Not this year. Logano, 24-years old, newly married and once washed-up, held off a herd of NASCAR all-stars in an extra-laps green-white-checkers-yellow finish to earn the biggest win of his life, his ninth NASCAR Sprint Cup victory.

"You don't understand how crazy this is," he said, standing in Victory Lane, awaiting his father, Tom, and boss, Roger Penske, as they descended the frontstretch tower and jogged across the infield grass to join him. "To beat the guys we beat is crazy. And to have won this race at this place is crazy. I love Daytona, but man, I have always thought this is easily our worst racetrack."

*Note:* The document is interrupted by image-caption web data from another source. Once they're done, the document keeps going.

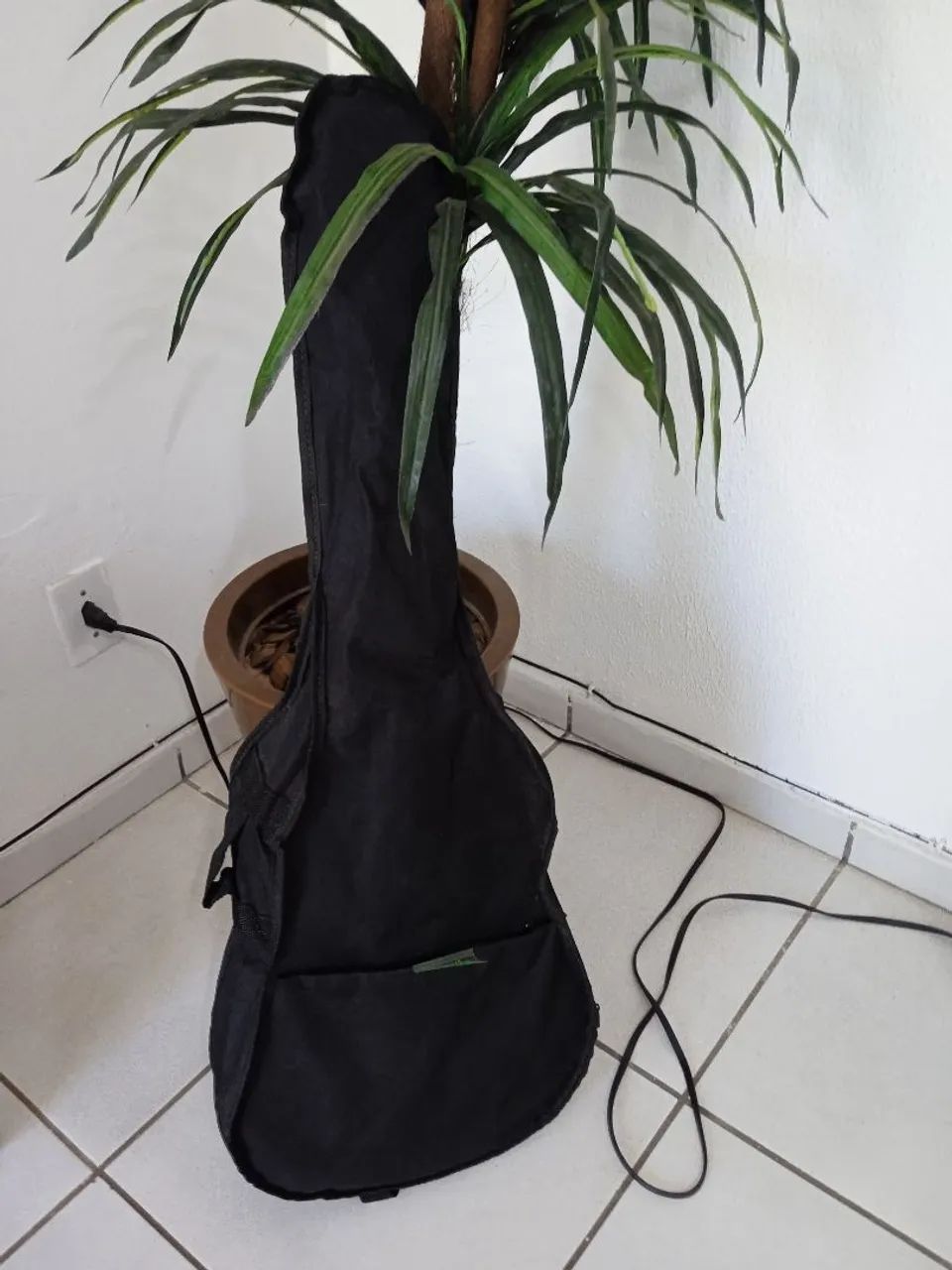 Violão  - Foto 3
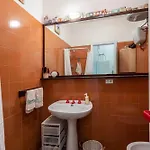 Appartement Pachanga House *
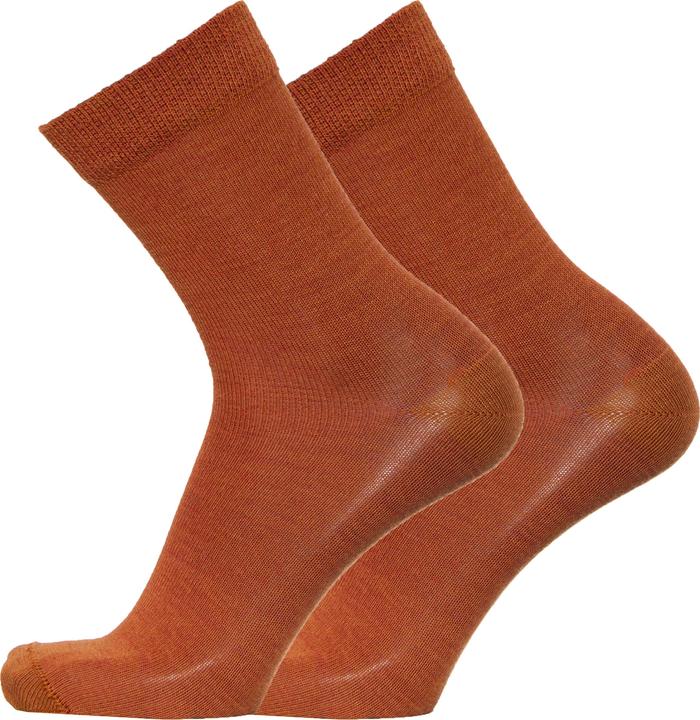 UphillSport Merino Lifestyle Light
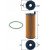 Image for Oil Filter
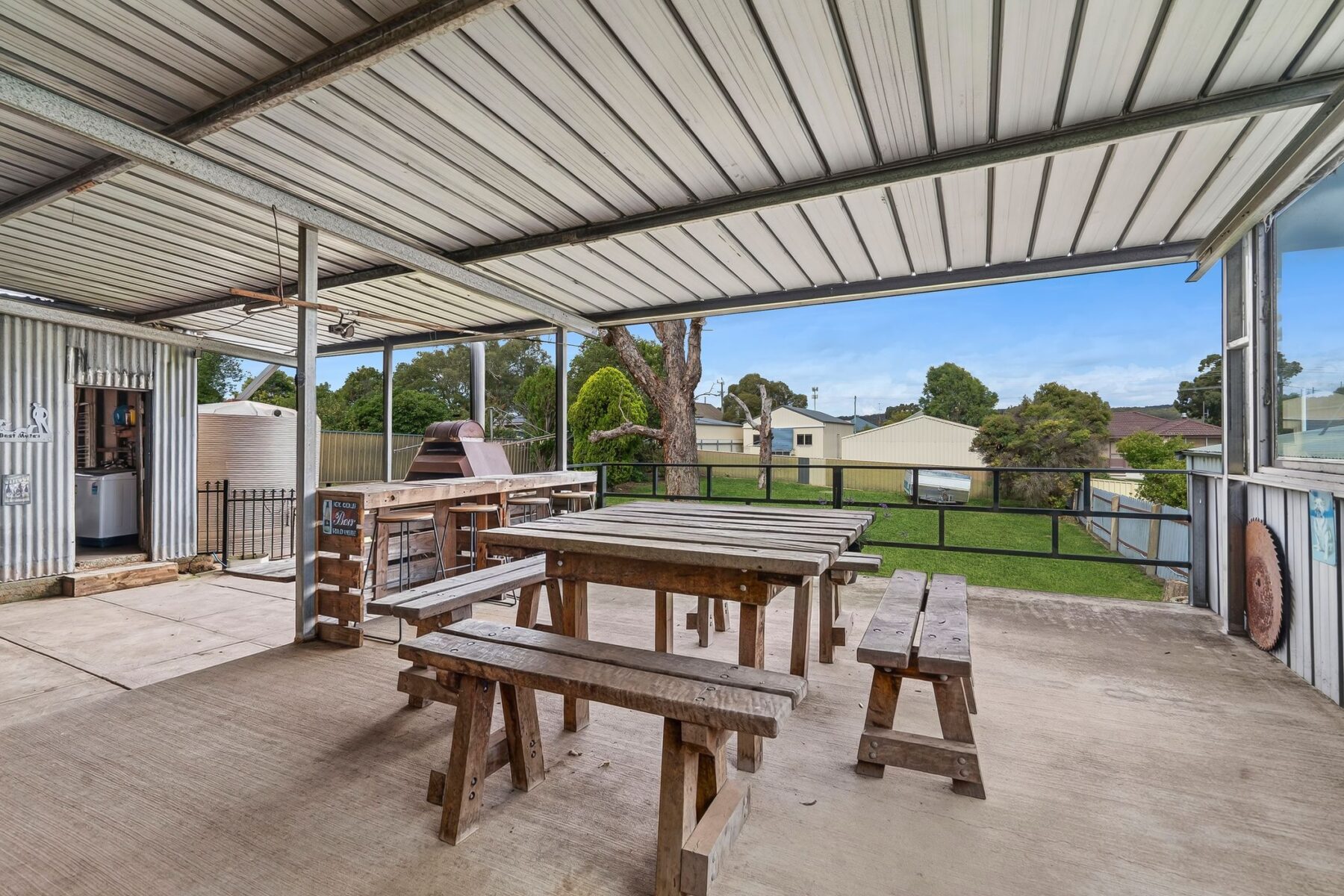 Property: 69 Queen Street, Goulburn, NSW, 2580 photo-11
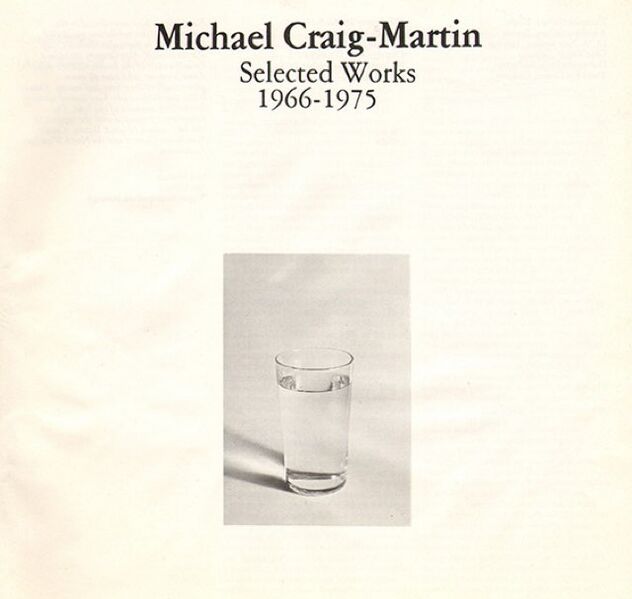 File:2352 book monograph 0138.jpg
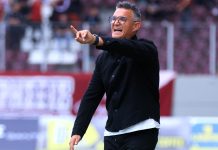 Η αποστολή του ΠΑΟΚ Β΄ για το ματς με την Ελλάς Σύρου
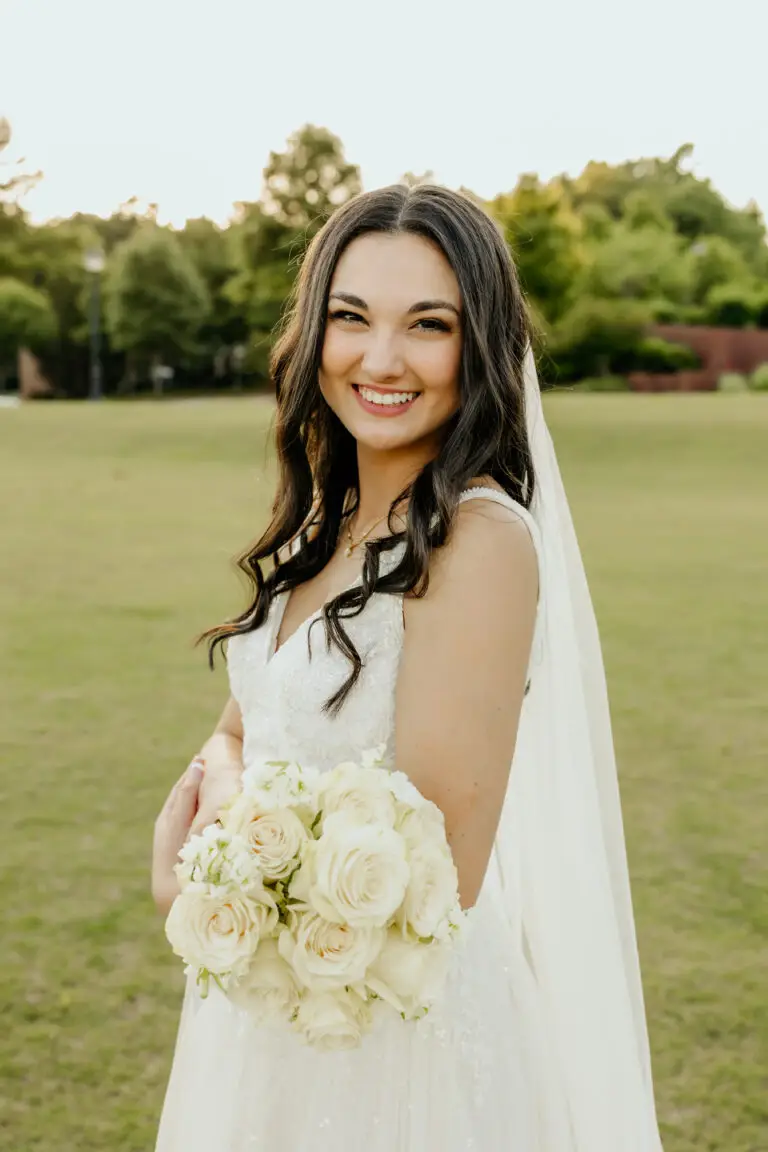 20240608 Wedding Sneak Peaks-46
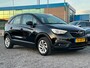 Opel Crossland X 1.2 Innovation/NAVI/NW APK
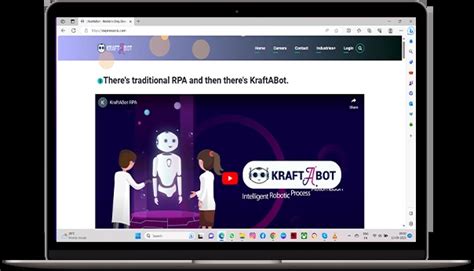 Home | BPO Call Center, Digital Marketing & IT Services India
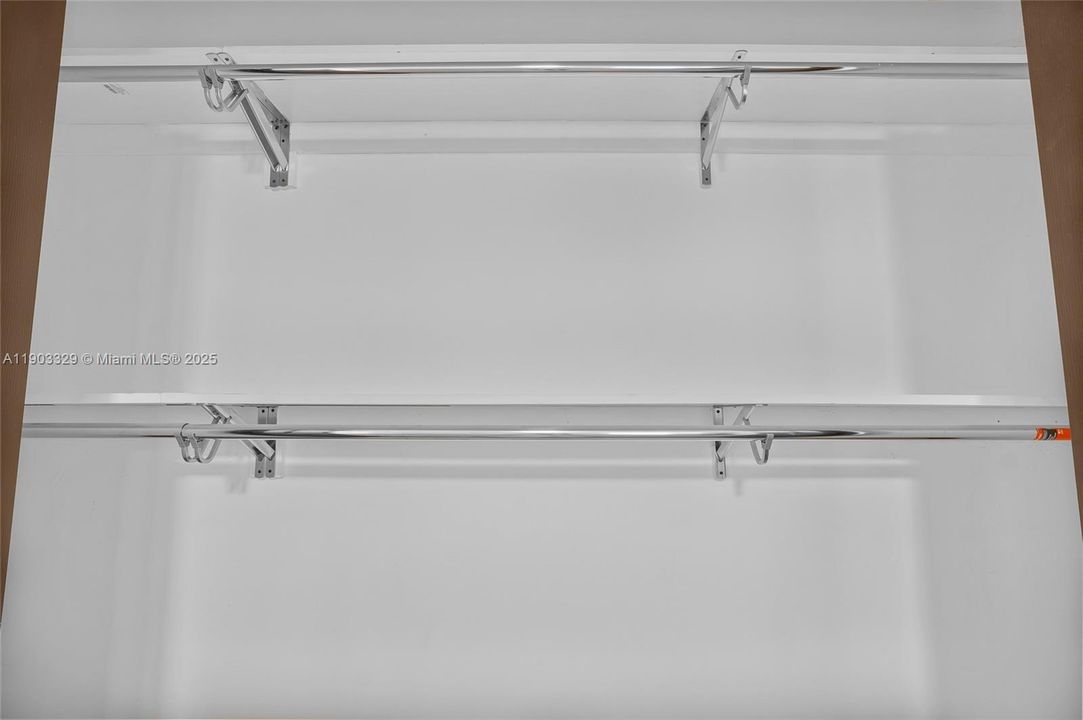 Recently Rented: $3,600 (4 beds, 3 baths, 1413 Square Feet)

He's not wrong. Before Sunday, he had only three top-10 finishes in a dozen Daytona starts. Now a guy that had been discarded from Joe Gibbs Racing three years ago, a wunderkind labeled a "bust" who luckily landed at Penske Racing, is now the second youngest winner in the history of NASCAR's biggest race.

Of course he is.

"It makes me feel good. It should make us all feel good," Penske said of the win, a second Daytona 500 victory to go with his 15 Indianapolis 500 titles. "You have to have youth around you in business and in racing. You feel rejuvenated by a moment like this and a story like Joey's. Of course you would."

Why all the "of course"? Because this Daytona 500 always seemed predestined for the unexpectedly special. So much so that on race morning more than a few drivers, crew members and even NASCAR employees themselves, admitted a sense of uneasiness about the day ahead, anxious to see exactly what those two words -- unexpected and special -- might actually mean.

"We are all always excited about the Daytona 500," Jimmie Johnson said prior to team meetings that would start a day that ended with a fifth-place finish, despite leading 40 laps. "But I think that today there is also a feeling of, let's get on with this thing before something else unordinary happens."

That's why, as Logano celebrated in Victory Lane and the sun began to set on an unpredictable, frequently bizarre and sometimes heartbreaking Daytona Speedweeks, his champagne-soaked feelings of elation were surrounded and countered by an emotion not typically associated with the Great American Race: relief.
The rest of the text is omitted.